Dr. C. Kunhan Raja was Director of Adyar Library, Theosophical Society, Madras.
While I was in the Hall during the one day I was in the Ashram, I took my seat along with others. I sat for hours together both in the forenoon and in the afternoon. Except for the first few words of greetings and my reply thereto, I did not talk at all. Though there was no actual talk between us, there was an unbroken communion.
What produced on me a great impression is the repose, the unruffled calmness that prevailed in the place as a result of the presence of the Maharshi. He seldom spoke. There was always a look of serene joy in his face; sometimes it glowed up into a lustre of bliss; at times I noticed that he rose into a state of samadhi or trance. But that look of blissful peace was always there. I cannot say he was unaware of his surroundings; indeed, he was always in the fullness of unbroken awareness, but the surroundings made no fluctuations in him. When people prostrated themselves before him or when they offered presents, there was the same look on his face. The mode of salutation and the mode of approach made no difference to him. To him, it was one, continuous state of serene peace and joy – ananda.
While he appears quite unconcerned with things around him, he was not only attentive but also alert in correcting pronunciation in the recitation of Tamil verses.
The very fact that the Maharshi makes enquiries about the visitors, looks into his correspondence, pays attention to the cleanliness and tidiness ofhis environment, keeps certain programmes in his daily routine and sticks to them with punctuality, shows that to him this physical world is an integral part of the Reality.
The Maharshi is a linguist, knowing, besides his Tamil in which he is a great author and poet, English, Sanskrit, Telugu and Malayalam. He spoke the three South Indian languages with perfect ease.

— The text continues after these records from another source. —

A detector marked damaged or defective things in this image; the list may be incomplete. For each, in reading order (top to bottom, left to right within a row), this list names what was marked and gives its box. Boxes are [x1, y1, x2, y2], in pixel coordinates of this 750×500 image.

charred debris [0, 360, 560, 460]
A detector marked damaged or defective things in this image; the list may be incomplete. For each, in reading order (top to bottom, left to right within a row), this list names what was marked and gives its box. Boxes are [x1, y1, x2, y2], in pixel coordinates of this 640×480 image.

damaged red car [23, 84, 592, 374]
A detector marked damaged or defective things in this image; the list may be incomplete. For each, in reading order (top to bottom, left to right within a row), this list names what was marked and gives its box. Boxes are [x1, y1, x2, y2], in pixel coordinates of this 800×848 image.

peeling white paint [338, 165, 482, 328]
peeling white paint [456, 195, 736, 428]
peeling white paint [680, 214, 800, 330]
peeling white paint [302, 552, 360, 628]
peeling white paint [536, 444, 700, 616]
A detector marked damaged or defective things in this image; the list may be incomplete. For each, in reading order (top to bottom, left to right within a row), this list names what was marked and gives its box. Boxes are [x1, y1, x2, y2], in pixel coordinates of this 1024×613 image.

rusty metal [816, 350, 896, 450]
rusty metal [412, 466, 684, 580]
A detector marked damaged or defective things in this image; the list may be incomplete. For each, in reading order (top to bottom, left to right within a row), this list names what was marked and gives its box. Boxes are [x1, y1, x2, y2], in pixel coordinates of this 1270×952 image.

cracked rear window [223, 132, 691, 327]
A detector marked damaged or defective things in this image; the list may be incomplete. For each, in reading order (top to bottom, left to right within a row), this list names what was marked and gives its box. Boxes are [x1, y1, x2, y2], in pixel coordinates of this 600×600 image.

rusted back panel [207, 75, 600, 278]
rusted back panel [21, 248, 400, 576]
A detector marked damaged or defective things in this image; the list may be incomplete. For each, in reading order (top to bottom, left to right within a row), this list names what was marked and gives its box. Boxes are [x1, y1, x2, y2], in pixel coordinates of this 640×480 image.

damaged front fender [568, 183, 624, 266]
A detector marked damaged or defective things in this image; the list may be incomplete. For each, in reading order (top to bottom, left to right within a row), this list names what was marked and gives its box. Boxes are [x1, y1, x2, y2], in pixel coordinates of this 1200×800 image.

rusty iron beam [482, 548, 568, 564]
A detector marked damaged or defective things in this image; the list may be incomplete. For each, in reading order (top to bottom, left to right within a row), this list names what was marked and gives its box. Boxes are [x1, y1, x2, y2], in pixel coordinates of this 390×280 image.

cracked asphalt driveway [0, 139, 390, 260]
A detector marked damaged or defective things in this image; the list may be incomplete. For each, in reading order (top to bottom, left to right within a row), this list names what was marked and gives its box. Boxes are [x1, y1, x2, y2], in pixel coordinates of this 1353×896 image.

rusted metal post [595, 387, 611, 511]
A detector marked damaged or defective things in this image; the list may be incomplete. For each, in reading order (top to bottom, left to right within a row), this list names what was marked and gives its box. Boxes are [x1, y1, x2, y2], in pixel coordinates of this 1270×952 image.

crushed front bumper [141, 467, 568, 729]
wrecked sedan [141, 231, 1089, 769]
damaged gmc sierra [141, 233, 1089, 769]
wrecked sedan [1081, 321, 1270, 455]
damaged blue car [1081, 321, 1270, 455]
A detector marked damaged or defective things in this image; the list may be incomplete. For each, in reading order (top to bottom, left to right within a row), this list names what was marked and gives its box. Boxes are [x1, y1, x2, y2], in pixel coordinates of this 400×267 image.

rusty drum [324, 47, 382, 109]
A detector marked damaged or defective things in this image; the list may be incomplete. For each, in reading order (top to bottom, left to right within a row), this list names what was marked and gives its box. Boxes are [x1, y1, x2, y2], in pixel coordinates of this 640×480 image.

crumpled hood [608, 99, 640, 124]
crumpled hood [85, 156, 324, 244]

It was a great privilege for me to visit the Ashram. Till now I had only read about the Maharshis in the puranas. The presence of a Maharshi in this world at a time when there is utter anarchy in science, must be an eye-opener for the scientists, in that they will think of expanding the scope of science so as to include the truth of the scientist himself, instead of confining science to what the scientist is aware of as external, objective reality.1
1. Refer Paul Brunton: “The most astounding discoveries will come when our scientists turn away for a while from metal and stone and electricity to examine and explore the nature of self within the laboratory of man. Scientists already know that the real seeing agent in sight is not the eye but the mind that uses that organ. They have yet to discover what it is that works the mind. And when they do that they will come into contact with the real Self of man, the being out of whom both mind and body derive their existence and maintain their lives.” A Message from Arunachala (1936).